### Try it
An exact copy of the data is required; the images should not appear in it.

### Information provided
##############################

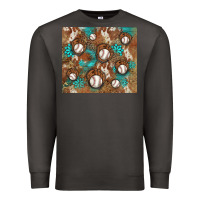Smoke baseball turquoise gemstones western patterns Premium Sweatshirt - BarkalooDesign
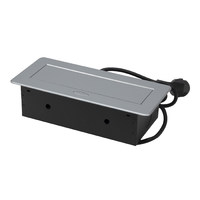 Выдвижной удлинитель AKS NOVA USB, 2 розетки, 2xUSB, алюминий, AKS 78889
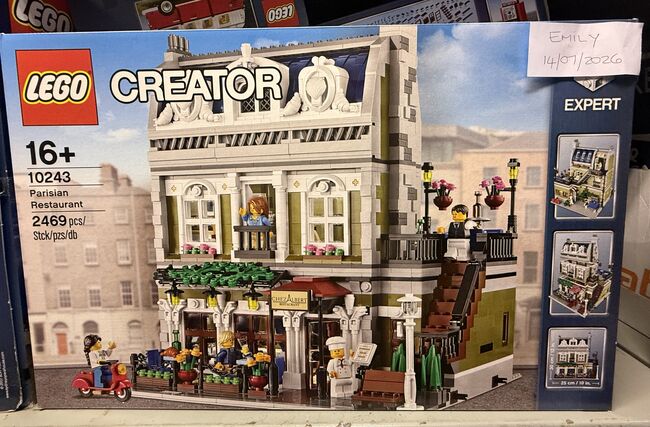 LEGO Creator Expert Parisian Restaurant (10243) – Complete Set, Lego 10243, Emily, Creator, Johannesburg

##############################

### Solution
Smoke baseball turquoise gemstones western patterns Premium Sweatshirt - BarkalooDesign
 Выдвижной удлинитель AKS NOVA USB, 2 розетки, 2xUSB, алюминий, AKS 78889
 LEGO Creator Expert Parisian Restaurant (10243) – Complete Set, Lego 10243, Emily, Creator, Johannesburg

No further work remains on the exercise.